Introduction to HTTP
The Hypertext Transfer Protocol (HTTP) is the protocol that is used to request and serve web content. HTTP is a plaintext protocol that runs on port 80. However, efforts to increase the security of the internet have pushed many websites to use HTTPS, which encrypts traffic using TLS and serves it over port 443.
HTTP in Wireshark
HTTP traffic shows up as a light green in Wireshark and can be filtered using http. However, since HTTP runs over TCP and http only shows packets using the HTTP protocol, this can miss many of the packets associated with the session because they are TCP packets (SYN, ACK and so on). Wireshark reassembles all of the actual data packets containing a particular webpage and displays it within the packet labeled as the HTTP response.
The image above shows the structure of an HTTP request in Wireshark.

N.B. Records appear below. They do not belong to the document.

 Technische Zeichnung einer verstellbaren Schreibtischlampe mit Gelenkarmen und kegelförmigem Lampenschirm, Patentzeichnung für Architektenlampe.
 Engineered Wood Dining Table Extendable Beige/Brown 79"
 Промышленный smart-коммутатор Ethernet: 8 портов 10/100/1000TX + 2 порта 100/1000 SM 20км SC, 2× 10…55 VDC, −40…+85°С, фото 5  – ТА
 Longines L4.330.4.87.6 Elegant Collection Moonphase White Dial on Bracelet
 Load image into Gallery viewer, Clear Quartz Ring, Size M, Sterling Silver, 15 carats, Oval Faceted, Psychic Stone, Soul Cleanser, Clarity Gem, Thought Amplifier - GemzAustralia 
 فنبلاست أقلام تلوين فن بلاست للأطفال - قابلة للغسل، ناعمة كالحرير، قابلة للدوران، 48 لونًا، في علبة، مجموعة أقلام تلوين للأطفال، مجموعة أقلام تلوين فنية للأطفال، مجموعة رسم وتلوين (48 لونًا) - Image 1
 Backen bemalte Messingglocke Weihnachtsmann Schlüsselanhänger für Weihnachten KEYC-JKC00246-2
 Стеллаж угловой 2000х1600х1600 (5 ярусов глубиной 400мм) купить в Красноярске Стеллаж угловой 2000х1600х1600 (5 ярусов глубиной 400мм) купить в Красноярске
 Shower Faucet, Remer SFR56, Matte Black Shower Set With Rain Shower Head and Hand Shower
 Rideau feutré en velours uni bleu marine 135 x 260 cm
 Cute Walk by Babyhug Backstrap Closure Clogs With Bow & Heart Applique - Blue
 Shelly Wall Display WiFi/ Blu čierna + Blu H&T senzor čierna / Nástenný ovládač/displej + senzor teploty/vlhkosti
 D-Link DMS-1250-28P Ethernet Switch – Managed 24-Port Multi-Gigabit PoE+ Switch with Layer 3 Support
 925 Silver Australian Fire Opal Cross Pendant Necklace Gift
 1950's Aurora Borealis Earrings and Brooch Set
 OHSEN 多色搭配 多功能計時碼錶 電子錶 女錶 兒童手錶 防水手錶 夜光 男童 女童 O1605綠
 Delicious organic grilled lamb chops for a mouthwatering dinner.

This includes the requested URL and a variety of different HTTP headers, including the host, user-agent and several others. These headers are under the control of the user and are intended for use by the server, so they can be modified by an attacker who controls both ends of the connection, making them ideal for passing data during an attack.
The image above shows the structure of an HTTP response in Wireshark. It is very similar to that of an HTTP request, except that it substitutes an HTTP response message for the URL and uses a different collection of headers. The actual data being carried by the HTTP protocol (the requested web page) is encapsulated within the data section of the HTTP packet.